Tanning Beds Triple Melanoma Risk
Skin Cancer Risk Even Higher for Frequent Users of High-Pressure Tanning Beds
WebMD News Archive
Melanoma, Indoor Tanning Increasing continued...
Also, most previous studies did not distinguish between high-speed machines, which emit some UVB rays, and high-pressure machines, which emit almost exclusively UVA rays.
The latest study included nearly 1,200 melanoma patients and a similar number of age- and gender-matched people in a control group. Using questionnaires and telephone interviews, the researchers determined that 63% of the melanoma patients in the study had used a commercial tanning device at least once, compared to 51% of the people without cancer.
Among the other major findings:
- Melanoma risk increased with exposure, measured by total hours of indoor tanning, the number of individual sessions, or years of exposure.

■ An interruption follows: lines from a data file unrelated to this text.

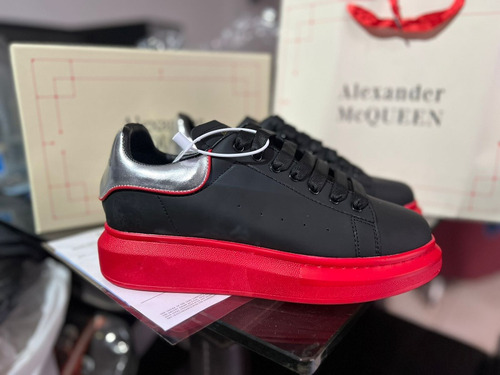 Tenis Mcqueen Negro-rojo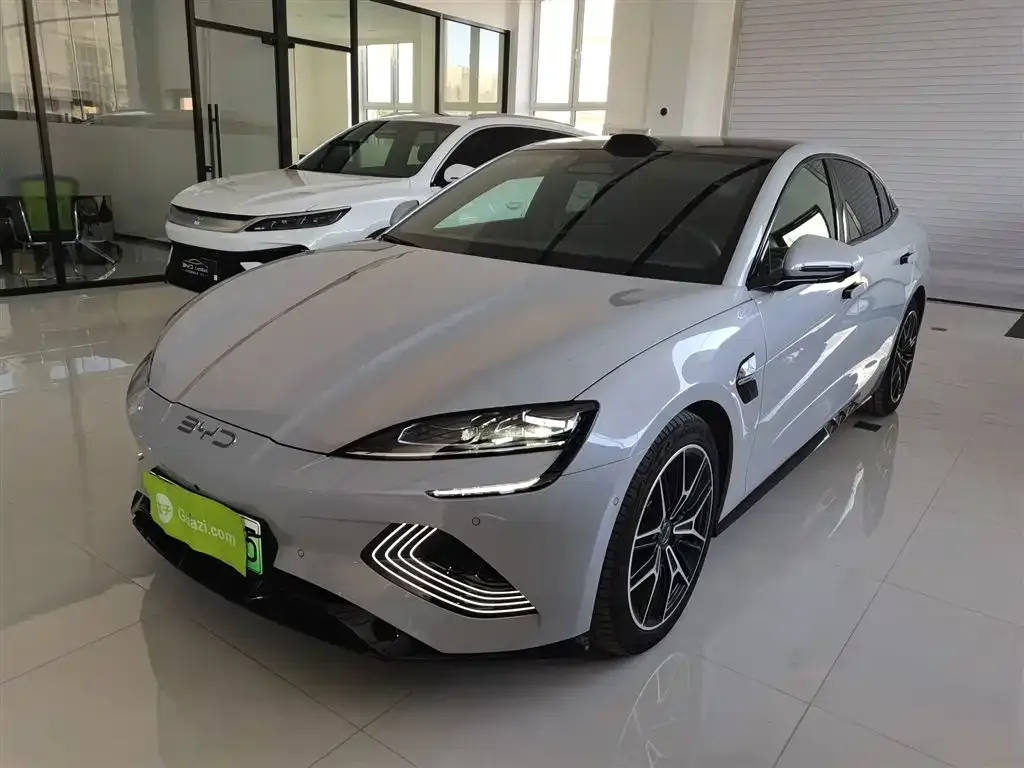 BYD Seal — фото 1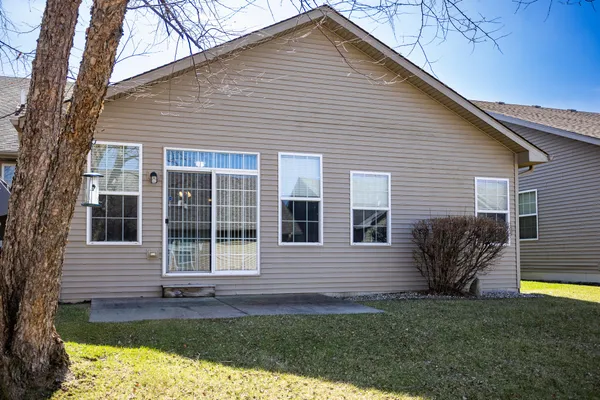 $319,700 | 350 Cochran Drive, Crown Point, IN 46307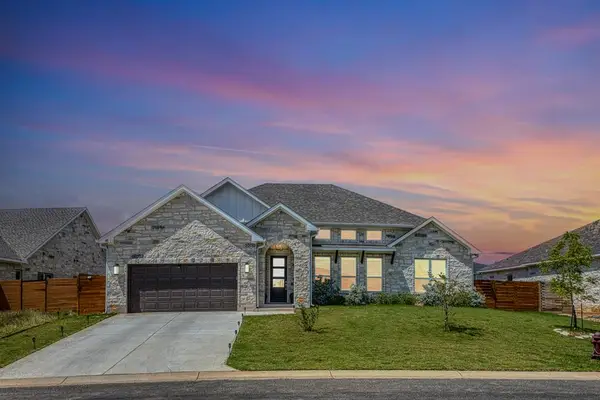 110 W Madrona Lane, Fredericksburg, TX 78624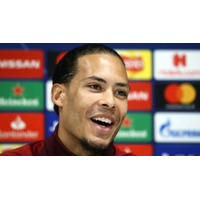 ファン・ダイクは心もイケメン！「年間MVPはシティ選手にした」 と告白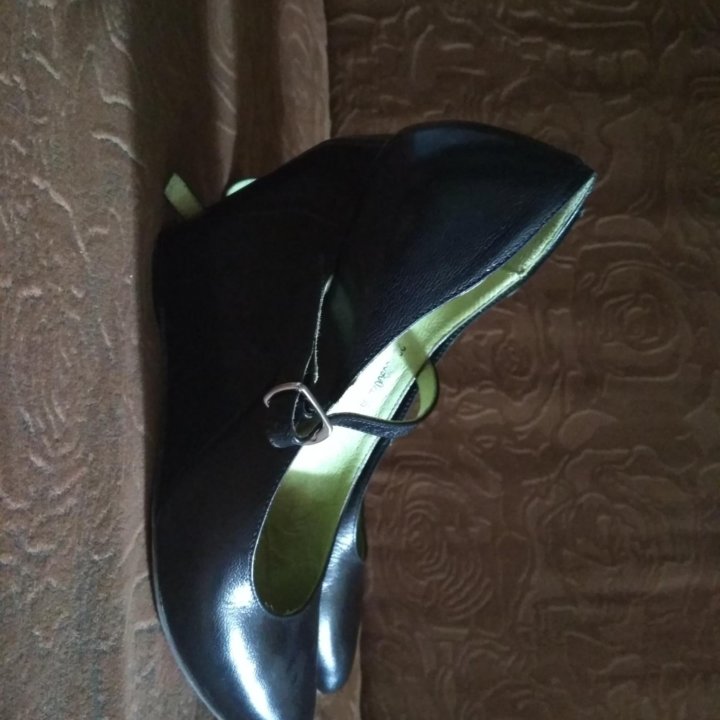 Туфли кожаные б/у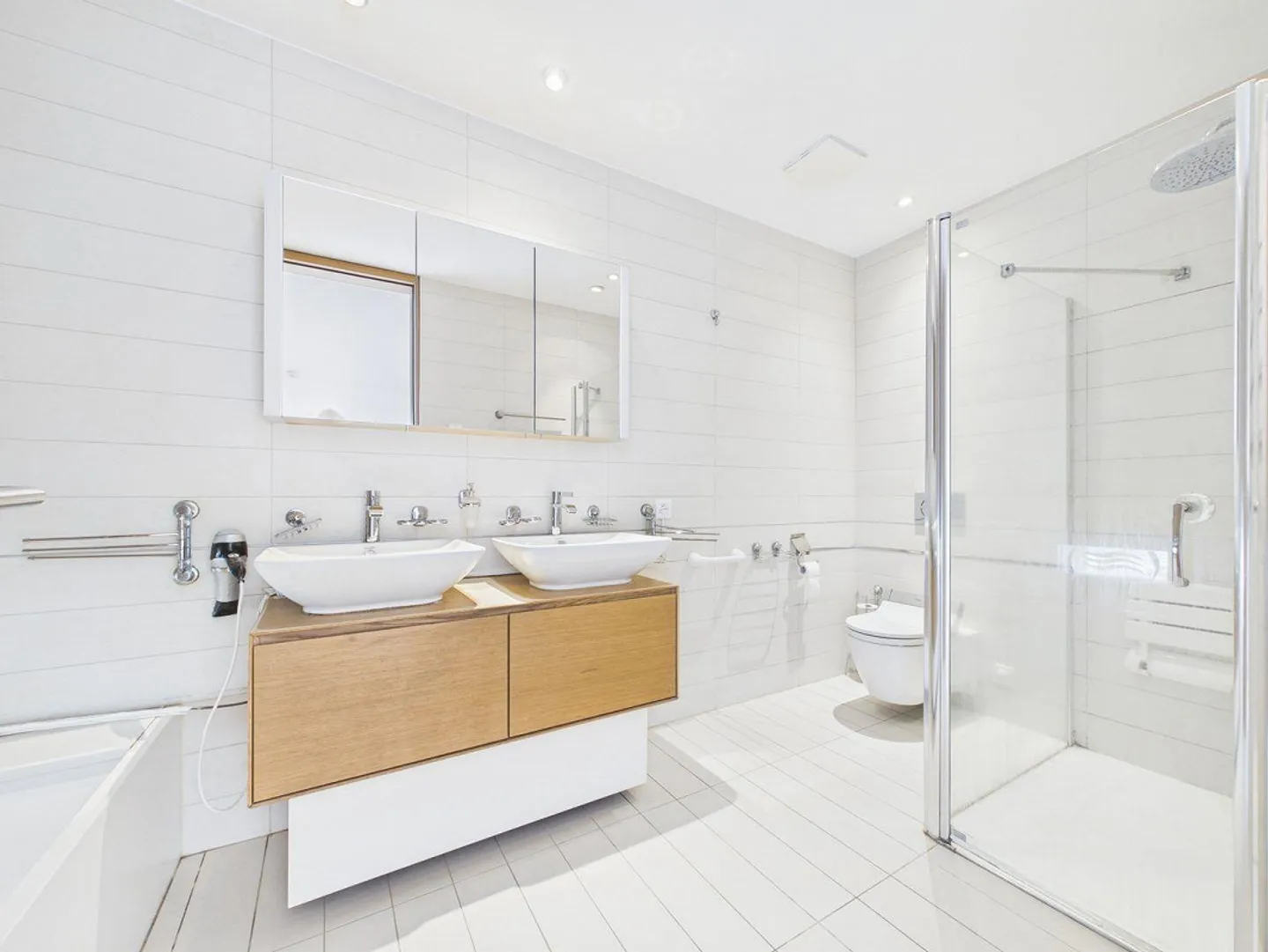 Appartamento elegante e stiloso con vista panoramica sul Lago Maggiore - Foto 13 di 24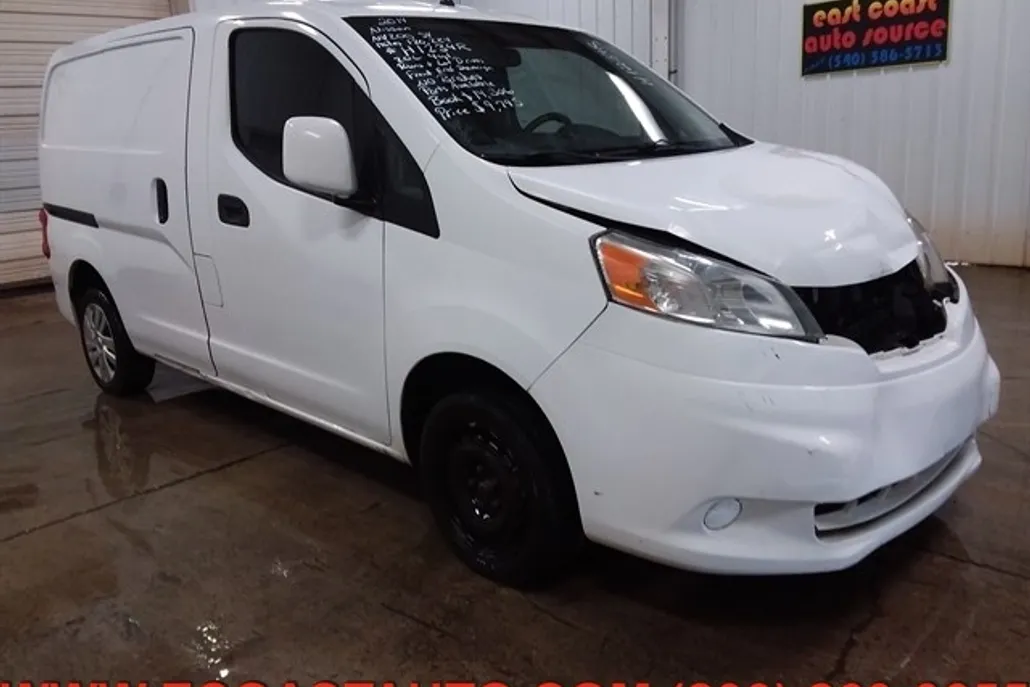 2014 Nissan NV200 SV photo 1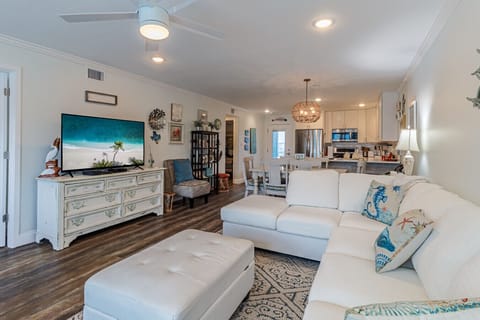 Open coastal living space
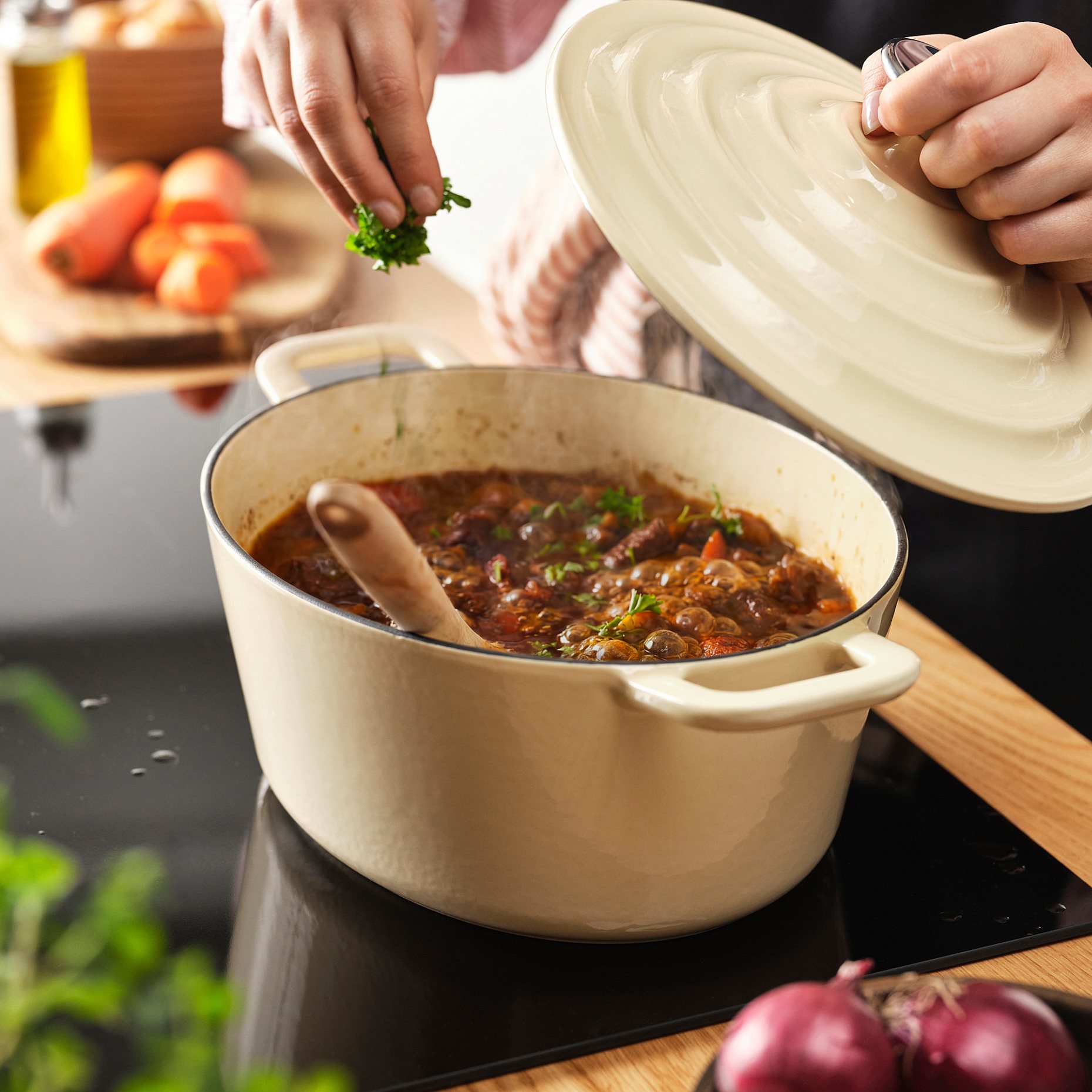 VARDAGEN, casserole with lid, 4 l, 606.313.93
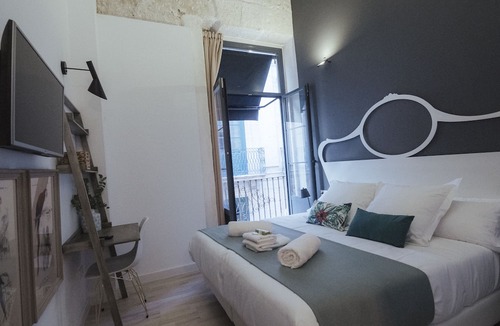 Barri Vell - Santa Creu Hotel | Hotel Boutique Alicante Palacete S.XVII - Adults Only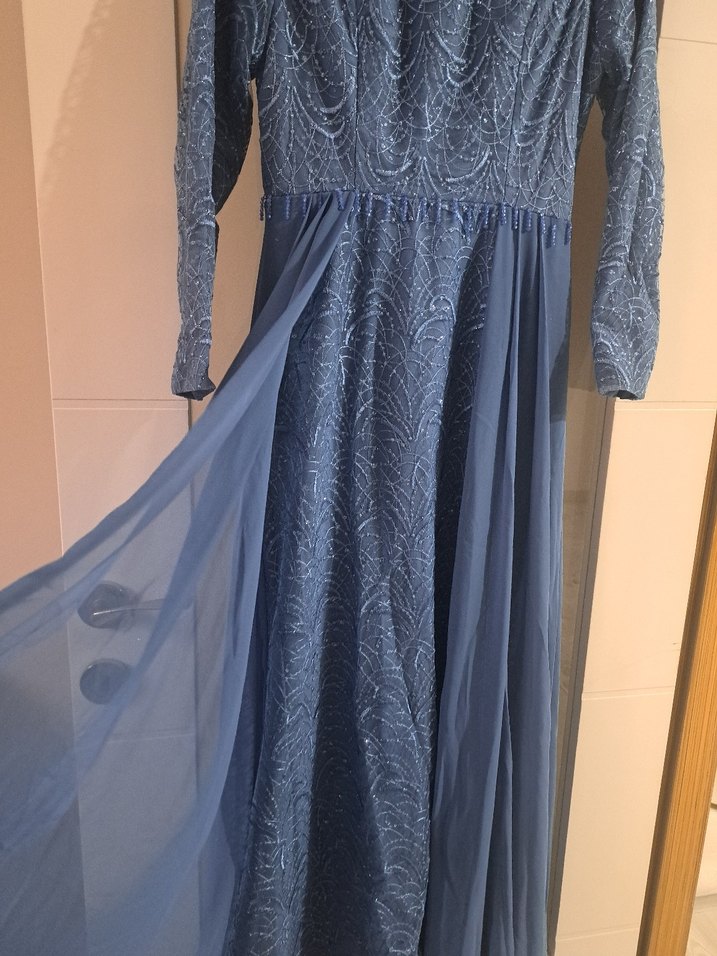 Nakışlı Yüksek Yakalı buz mavisi balik kesimli Uzun Abiye Elbise - Görsel 4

- The increase in risk was seen for both high-speed and high-pressure machines, suggesting that no type of tanning device could be considered safe.
- Burns from indoor tanning were commonly reported.
- The strongest association was seen for melanomas originating on the trunk, which, in women at least, is an area of the body generally exposed to UV rays only during tanning.
The research showed no specific increase in melanoma risk associated with tanning bed use at a young age, but a clear association was seen for increased exposure over time.
The study appears in the June issue of the journal Cancer Epidemiology, Biomarkers & Prevention.
“Overall exposure was the important thing,” Lazovich says. “Melanoma is the second most common cancer among young women. Young women are particularly vulnerable because they are the most likely to use these devices.”
Tanning Industry Responds
In response to the study, a tanning industry spokesman said the findings are misleading because the researchers did not distinguish between people with major risk factors for melanoma and the general population.
Those risk factors include having very fair skin, having many moles, and having freckles or red hair.
Melanoma patients in the study were five times as likely as non-patients to have very fair skin and nearly 14 times more likely to have many moles.
John Overstreet of the Indoor Tanning Association tells WebMD that the group’s own scientific analysis of the findings suggests that when high-risk groups are removed, indoor tanning may actually lower melanoma risk.